### TASK PROMPT:
Print every line of the listing below, starting with the line that holds "Suzuki Sx4 S cross At 2017" and going on through the line that holds "Complete ETABS Learning", both included, and print nothing else.

───── STORED DATA ─────

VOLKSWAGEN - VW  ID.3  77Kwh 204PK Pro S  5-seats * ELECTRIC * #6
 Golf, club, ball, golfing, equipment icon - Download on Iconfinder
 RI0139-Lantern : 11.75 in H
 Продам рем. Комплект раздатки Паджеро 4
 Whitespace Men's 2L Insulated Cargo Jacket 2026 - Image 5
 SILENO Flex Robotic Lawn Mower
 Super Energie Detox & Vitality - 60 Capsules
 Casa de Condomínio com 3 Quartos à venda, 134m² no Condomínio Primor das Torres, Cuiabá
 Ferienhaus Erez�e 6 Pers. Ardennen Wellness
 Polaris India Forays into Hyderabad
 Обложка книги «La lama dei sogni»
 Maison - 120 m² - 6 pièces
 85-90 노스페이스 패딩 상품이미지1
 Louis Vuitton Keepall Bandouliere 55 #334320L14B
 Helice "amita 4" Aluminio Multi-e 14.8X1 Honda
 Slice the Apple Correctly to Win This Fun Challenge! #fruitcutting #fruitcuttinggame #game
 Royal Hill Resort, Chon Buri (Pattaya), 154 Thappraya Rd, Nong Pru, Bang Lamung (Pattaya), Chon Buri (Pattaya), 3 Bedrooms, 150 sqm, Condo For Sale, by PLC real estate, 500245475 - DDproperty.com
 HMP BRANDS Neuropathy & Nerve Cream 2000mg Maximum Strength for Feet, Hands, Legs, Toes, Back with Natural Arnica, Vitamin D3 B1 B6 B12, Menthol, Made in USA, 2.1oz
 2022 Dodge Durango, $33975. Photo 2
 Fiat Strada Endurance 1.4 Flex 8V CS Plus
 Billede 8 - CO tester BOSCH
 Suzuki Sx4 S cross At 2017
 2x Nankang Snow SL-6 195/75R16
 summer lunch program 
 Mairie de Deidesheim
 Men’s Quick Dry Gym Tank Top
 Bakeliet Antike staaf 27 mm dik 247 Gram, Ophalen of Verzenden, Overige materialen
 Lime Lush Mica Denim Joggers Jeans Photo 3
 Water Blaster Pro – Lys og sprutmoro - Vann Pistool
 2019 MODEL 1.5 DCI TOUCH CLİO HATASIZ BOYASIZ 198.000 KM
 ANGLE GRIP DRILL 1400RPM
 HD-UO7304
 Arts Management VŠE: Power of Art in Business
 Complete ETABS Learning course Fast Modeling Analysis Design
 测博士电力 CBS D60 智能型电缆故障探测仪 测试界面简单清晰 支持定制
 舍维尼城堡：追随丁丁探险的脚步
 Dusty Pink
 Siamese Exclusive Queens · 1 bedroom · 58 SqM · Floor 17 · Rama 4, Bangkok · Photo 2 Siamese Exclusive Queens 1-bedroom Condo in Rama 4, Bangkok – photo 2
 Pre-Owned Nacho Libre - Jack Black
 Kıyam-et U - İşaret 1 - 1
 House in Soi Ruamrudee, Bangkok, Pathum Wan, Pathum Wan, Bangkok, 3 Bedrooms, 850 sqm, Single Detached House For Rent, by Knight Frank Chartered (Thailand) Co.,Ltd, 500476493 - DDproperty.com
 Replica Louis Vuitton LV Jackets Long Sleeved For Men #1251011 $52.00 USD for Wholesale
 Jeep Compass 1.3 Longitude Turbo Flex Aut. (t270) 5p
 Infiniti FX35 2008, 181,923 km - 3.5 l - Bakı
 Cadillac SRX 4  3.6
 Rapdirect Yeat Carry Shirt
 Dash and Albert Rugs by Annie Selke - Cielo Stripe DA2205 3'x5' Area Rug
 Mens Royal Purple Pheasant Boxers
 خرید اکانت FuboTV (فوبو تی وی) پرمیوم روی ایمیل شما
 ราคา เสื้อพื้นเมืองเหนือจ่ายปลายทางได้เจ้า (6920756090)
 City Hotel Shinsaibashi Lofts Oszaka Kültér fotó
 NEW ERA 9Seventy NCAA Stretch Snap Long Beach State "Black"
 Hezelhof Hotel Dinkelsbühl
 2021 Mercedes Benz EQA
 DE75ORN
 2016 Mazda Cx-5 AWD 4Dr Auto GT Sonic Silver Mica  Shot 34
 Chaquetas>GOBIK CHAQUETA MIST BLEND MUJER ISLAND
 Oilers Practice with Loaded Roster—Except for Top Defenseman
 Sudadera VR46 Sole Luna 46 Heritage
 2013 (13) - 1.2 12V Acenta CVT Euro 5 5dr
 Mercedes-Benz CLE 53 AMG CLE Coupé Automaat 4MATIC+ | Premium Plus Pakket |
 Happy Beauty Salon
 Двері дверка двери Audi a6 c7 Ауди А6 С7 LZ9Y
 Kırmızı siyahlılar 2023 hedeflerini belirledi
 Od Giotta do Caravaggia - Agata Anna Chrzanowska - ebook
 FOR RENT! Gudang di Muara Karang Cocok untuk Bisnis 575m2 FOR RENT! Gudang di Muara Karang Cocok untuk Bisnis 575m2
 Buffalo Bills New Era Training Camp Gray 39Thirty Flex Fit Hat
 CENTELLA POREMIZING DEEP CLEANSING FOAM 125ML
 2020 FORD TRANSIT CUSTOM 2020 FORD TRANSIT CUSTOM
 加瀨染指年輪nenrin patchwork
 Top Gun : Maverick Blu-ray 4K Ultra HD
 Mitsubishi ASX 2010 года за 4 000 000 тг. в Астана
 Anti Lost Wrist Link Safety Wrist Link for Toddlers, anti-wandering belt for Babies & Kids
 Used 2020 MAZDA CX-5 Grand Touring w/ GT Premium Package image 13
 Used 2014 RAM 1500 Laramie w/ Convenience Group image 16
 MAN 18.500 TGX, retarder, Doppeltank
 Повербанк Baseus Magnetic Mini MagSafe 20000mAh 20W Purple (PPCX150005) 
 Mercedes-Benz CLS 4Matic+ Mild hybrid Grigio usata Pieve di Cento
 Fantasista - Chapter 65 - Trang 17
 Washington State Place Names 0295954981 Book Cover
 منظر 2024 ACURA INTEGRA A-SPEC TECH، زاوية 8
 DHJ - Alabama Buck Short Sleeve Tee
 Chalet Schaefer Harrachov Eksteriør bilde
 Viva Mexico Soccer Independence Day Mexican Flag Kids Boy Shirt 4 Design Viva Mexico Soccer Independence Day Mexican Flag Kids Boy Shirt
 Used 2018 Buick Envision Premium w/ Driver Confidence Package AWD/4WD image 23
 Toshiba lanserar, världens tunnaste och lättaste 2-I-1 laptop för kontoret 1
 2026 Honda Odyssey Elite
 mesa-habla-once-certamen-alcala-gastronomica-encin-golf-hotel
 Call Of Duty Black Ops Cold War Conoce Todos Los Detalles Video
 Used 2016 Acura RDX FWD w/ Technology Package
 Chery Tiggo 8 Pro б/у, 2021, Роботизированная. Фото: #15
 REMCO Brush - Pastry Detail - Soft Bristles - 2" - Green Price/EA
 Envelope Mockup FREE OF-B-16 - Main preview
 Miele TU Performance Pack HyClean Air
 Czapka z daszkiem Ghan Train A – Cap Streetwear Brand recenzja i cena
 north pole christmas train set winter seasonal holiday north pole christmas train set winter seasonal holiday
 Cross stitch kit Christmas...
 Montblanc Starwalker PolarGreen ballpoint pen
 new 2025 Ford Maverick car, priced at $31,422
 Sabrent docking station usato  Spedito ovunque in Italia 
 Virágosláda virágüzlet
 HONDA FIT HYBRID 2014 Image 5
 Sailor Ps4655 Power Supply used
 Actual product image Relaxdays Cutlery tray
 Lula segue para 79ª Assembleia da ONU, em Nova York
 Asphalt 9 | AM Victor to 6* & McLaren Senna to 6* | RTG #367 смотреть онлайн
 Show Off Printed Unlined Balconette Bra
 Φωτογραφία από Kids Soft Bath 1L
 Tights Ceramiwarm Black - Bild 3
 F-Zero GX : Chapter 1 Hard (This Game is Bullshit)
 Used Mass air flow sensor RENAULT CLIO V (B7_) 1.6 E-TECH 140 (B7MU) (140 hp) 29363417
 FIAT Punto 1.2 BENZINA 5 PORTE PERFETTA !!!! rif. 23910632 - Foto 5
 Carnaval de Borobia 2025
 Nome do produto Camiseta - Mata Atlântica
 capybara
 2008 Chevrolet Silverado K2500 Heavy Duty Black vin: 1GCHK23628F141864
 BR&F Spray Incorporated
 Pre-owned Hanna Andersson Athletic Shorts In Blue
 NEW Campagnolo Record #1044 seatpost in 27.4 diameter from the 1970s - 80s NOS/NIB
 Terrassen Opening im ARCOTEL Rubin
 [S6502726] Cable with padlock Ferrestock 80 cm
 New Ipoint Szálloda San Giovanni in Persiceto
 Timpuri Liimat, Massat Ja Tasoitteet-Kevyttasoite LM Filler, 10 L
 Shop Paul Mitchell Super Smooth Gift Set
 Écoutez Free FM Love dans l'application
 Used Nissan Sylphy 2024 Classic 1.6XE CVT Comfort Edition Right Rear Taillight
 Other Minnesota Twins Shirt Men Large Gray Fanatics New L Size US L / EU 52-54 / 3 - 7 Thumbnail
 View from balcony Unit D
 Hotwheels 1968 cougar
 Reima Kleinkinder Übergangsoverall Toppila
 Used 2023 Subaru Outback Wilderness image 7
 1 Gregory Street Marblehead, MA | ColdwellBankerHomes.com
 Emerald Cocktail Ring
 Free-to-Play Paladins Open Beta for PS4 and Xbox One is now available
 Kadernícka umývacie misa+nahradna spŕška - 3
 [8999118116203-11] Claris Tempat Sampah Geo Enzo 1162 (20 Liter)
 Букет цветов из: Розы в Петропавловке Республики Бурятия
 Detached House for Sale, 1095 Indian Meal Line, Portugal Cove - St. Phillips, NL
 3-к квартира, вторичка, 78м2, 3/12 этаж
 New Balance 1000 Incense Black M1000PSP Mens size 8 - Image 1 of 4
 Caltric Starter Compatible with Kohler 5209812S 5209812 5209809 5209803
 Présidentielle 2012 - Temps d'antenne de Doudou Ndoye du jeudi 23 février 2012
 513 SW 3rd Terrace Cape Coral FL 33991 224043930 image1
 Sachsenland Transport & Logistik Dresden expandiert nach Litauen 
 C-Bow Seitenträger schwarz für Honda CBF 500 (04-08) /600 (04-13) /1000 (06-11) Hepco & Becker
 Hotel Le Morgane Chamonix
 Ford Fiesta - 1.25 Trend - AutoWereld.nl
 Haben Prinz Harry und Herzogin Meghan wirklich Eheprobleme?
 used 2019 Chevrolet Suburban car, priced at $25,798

─────

### TASK SOLUTION:
 Suzuki Sx4 S cross At 2017
 2x Nankang Snow SL-6 195/75R16
 summer lunch program 
 Mairie de Deidesheim
 Men’s Quick Dry Gym Tank Top
 Bakeliet Antike staaf 27 mm dik 247 Gram, Ophalen of Verzenden, Overige materialen
 Lime Lush Mica Denim Joggers Jeans Photo 3
 Water Blaster Pro – Lys og sprutmoro - Vann Pistool
 2019 MODEL 1.5 DCI TOUCH CLİO HATASIZ BOYASIZ 198.000 KM
 ANGLE GRIP DRILL 1400RPM
 HD-UO7304
 Arts Management VŠE: Power of Art in Business
 Complete ETABS Learning course Fast Modeling Analysis Design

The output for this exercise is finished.